1. Field of the Invention
This invention relates to methods of generating optical signals, and, in particular, to methods of efficient generation of microwave frequency (greater than 10 GHz) optical signals using semiconductor lasers for use in optical communication systems, signal processing, radar systems, and RF component testing. Accordingly, it is a general object of this invention to provide new and improved methods of such character.
2. General Background
It is desired to develop optical communications systems and optical modulation methods that will operate in mm wave (greater than 10 GHz) frequency range using semiconductor lasers. The advantages of using optical fibers rather than metal waveguides for distributing microwave signals is well known. For example, optical fibers offer the advantages of low cost, low attenuation, reduced size and weight, and freedom from electromagnetic interference.
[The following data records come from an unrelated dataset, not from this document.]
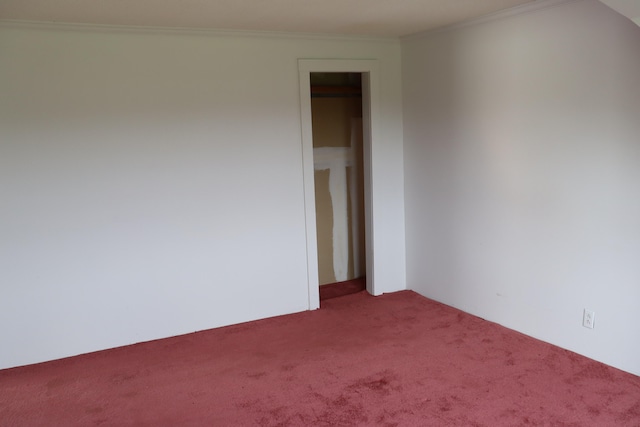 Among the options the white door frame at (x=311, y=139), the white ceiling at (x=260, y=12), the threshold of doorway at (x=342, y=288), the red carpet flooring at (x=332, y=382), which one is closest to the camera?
the red carpet flooring at (x=332, y=382)

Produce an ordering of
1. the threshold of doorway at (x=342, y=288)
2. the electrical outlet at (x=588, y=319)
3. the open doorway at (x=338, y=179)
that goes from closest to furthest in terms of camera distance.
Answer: the electrical outlet at (x=588, y=319) → the threshold of doorway at (x=342, y=288) → the open doorway at (x=338, y=179)

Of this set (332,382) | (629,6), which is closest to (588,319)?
(332,382)

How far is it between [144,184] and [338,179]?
2.11 metres

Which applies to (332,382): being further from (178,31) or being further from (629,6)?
(178,31)

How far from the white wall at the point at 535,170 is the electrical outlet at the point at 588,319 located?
1.4 inches

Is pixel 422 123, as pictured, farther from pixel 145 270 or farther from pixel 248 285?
pixel 145 270

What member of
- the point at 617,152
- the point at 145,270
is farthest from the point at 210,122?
the point at 617,152

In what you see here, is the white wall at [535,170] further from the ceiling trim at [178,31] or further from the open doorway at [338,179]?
the open doorway at [338,179]

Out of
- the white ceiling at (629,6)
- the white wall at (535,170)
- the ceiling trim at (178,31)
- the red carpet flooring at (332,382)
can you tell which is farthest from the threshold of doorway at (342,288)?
the white ceiling at (629,6)

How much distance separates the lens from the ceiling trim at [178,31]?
11.7ft

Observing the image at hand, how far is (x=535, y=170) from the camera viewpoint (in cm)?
375

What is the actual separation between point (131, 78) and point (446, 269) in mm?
2926

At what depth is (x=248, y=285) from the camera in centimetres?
445

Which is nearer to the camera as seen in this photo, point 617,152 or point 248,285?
point 617,152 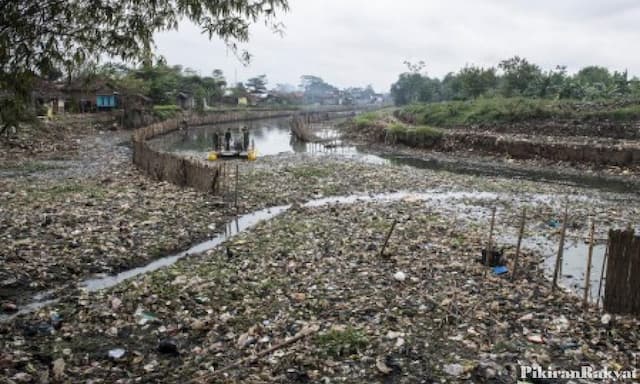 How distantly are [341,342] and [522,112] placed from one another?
104 feet

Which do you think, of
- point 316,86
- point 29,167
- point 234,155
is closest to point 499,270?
point 234,155

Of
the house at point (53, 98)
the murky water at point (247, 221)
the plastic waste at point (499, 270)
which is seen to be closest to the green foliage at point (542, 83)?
the murky water at point (247, 221)

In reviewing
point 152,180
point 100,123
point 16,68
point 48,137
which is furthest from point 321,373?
point 100,123

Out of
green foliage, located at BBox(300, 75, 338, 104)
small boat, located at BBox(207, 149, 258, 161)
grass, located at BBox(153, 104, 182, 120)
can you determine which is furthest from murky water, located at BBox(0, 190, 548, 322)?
green foliage, located at BBox(300, 75, 338, 104)

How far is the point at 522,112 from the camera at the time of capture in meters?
33.7

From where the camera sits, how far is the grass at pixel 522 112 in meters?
29.7

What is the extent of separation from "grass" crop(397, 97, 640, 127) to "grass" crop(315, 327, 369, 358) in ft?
94.3

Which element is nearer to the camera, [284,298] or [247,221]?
[284,298]

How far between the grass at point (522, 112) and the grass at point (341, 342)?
2874 centimetres

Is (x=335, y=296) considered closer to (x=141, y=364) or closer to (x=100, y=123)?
(x=141, y=364)

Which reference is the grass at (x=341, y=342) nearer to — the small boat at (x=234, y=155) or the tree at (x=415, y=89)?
the small boat at (x=234, y=155)

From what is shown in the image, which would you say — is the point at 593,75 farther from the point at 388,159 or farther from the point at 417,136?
the point at 388,159

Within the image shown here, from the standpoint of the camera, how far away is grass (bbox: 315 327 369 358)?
573 centimetres

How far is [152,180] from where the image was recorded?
17.3 metres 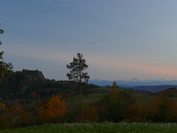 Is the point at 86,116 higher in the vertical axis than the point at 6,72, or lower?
lower

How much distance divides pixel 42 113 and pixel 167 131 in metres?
70.2

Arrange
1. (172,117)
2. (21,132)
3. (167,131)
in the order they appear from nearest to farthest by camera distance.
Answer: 1. (167,131)
2. (21,132)
3. (172,117)

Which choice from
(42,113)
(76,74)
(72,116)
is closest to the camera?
(76,74)

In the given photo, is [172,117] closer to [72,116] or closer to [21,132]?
[72,116]

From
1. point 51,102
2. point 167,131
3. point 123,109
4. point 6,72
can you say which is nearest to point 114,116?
point 123,109

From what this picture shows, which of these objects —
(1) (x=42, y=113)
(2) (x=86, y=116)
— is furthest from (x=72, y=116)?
(1) (x=42, y=113)

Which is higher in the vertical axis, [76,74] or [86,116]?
[76,74]

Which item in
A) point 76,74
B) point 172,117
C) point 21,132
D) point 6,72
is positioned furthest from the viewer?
point 76,74

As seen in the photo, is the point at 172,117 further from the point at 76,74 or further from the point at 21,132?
→ the point at 21,132

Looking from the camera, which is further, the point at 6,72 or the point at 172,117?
the point at 172,117

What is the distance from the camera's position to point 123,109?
69938mm

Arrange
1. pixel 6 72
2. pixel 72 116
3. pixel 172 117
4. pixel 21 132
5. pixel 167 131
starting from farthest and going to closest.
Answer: pixel 72 116 < pixel 172 117 < pixel 6 72 < pixel 21 132 < pixel 167 131

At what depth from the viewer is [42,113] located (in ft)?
277

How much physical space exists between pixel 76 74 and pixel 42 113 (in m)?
22.8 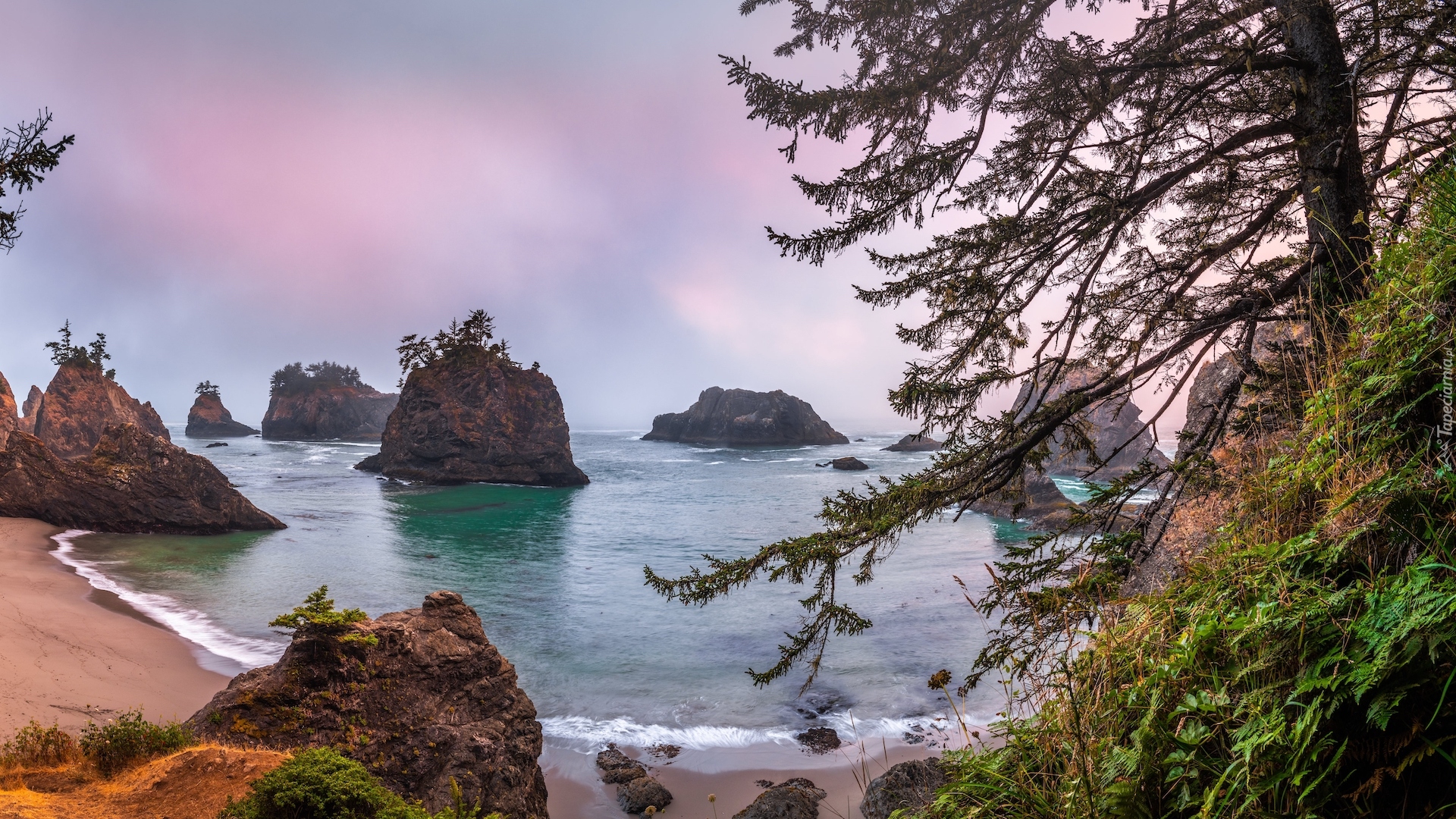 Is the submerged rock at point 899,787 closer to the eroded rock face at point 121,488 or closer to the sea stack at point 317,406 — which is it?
the eroded rock face at point 121,488

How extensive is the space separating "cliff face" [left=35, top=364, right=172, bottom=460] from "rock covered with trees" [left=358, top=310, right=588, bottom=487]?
25070 millimetres

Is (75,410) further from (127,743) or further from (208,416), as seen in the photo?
(127,743)

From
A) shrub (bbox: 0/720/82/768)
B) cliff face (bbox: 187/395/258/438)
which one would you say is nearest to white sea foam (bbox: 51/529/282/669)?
shrub (bbox: 0/720/82/768)

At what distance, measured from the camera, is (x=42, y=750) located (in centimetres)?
472

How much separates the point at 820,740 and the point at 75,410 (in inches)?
2904

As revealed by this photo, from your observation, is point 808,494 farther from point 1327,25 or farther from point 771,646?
point 1327,25

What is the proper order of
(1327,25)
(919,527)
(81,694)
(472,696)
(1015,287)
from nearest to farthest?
1. (1327,25)
2. (1015,287)
3. (472,696)
4. (81,694)
5. (919,527)

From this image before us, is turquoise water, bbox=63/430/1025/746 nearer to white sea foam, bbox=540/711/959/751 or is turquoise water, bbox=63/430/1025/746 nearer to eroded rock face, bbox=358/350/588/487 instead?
white sea foam, bbox=540/711/959/751

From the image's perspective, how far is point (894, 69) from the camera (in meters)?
6.02

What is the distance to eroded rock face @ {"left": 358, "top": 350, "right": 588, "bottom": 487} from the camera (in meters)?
43.3

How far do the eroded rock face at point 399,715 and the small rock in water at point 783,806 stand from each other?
7.29 feet

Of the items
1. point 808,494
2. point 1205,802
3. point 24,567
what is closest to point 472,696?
point 1205,802

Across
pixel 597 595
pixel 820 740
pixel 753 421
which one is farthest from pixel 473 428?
pixel 753 421

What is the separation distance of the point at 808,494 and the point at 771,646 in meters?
27.9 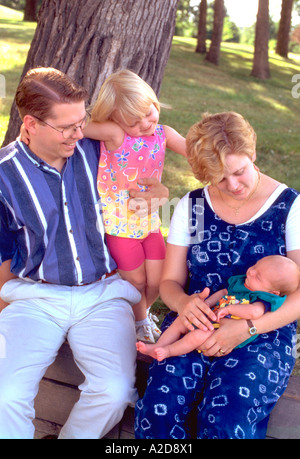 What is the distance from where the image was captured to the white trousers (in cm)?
234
While optical detectors with bandwidths .gtorsim.100 GHz have been fabricated, directly modulated semiconductor lasers or waveguide modulators are limited to frequencies .ltorsim.25 GHz. For example, high speed InGaAs detectors with bandwidths of 60 GHz have been reported by J. E. Bowers, C. A. Burrus and F. Mitschke, Electron. Lett. 22, 633 (1986). High speed GaAs detectors with bandwidths of 100 GHz have been reported by S. Y. Wang and D. M. Bloom, Electron. Lett. 19, pp. 554-555. The highest small signal bandwidth achieved at room temperature for a directly modulated semiconductor laser or external cavity traveling wave modulator is 22 GHz (R. Olshansky et al., Electronics Letters 23 pp. 839-841 (1987)) and 25 GHz, according to S. K. Korotky, G. Eisenstein, R. S. Tucker, J. J. Veselka, and G. Raybon, Paper FB4, Topical Meeting on Picosecond Electronics and Optoelectronics, Lake Tahoe, Nev. (1987). It appears that much improvement in semiconductor laser or integrated optic technology is required before devices can be developed with sufficient bandwidth and high power for modulation at the higher frequencies, such as at 35, 44, 60, and 90 GHz, which are of interest for many microwave and military applications (i.e., satellite communications, phased array radar, etc.).